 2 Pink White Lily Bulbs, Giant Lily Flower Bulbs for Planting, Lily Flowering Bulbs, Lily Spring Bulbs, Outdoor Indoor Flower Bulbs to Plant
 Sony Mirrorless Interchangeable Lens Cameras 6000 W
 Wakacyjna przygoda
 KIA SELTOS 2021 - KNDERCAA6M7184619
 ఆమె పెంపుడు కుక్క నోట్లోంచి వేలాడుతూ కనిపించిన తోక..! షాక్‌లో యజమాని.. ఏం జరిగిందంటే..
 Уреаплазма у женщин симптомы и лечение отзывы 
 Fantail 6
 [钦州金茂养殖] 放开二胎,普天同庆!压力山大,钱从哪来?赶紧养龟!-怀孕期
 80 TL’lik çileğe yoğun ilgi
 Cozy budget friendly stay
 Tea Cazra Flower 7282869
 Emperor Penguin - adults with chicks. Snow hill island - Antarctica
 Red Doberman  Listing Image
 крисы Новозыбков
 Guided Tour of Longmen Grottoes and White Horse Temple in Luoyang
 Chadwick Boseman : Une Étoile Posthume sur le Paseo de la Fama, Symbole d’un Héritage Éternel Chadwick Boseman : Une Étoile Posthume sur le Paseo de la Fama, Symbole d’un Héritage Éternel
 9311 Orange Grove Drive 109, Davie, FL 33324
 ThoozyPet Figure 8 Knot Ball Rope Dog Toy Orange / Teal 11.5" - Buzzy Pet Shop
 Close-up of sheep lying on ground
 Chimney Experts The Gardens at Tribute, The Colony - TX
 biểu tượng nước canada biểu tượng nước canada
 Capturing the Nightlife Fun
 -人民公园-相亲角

+ + + + + + +

▶ [Try it]: Reproduce the entries so that each line reads exactly as it did before.

▶ [Exercise result]:
 2 Pink White Lily Bulbs, Giant Lily Flower Bulbs for Planting, Lily Flowering Bulbs, Lily Spring Bulbs, Outdoor Indoor Flower Bulbs to Plant
 Sony Mirrorless Interchangeable Lens Cameras 6000 W
 Wakacyjna przygoda
 KIA SELTOS 2021 - KNDERCAA6M7184619
 ఆమె పెంపుడు కుక్క నోట్లోంచి వేలాడుతూ కనిపించిన తోక..! షాక్‌లో యజమాని.. ఏం జరిగిందంటే..
 Уреаплазма у женщин симптомы и лечение отзывы 
 Fantail 6
 [钦州金茂养殖] 放开二胎,普天同庆!压力山大,钱从哪来?赶紧养龟!-怀孕期
 80 TL’lik çileğe yoğun ilgi
 Cozy budget friendly stay
 Tea Cazra Flower 7282869
 Emperor Penguin - adults with chicks. Snow hill island - Antarctica
 Red Doberman  Listing Image
 крисы Новозыбков
 Guided Tour of Longmen Grottoes and White Horse Temple in Luoyang
 Chadwick Boseman : Une Étoile Posthume sur le Paseo de la Fama, Symbole d’un Héritage Éternel Chadwick Boseman : Une Étoile Posthume sur le Paseo de la Fama, Symbole d’un Héritage Éternel
 9311 Orange Grove Drive 109, Davie, FL 33324
 ThoozyPet Figure 8 Knot Ball Rope Dog Toy Orange / Teal 11.5" - Buzzy Pet Shop
 Close-up of sheep lying on ground
 Chimney Experts The Gardens at Tribute, The Colony - TX
 biểu tượng nước canada biểu tượng nước canada
 Capturing the Nightlife Fun
 -人民公园-相亲角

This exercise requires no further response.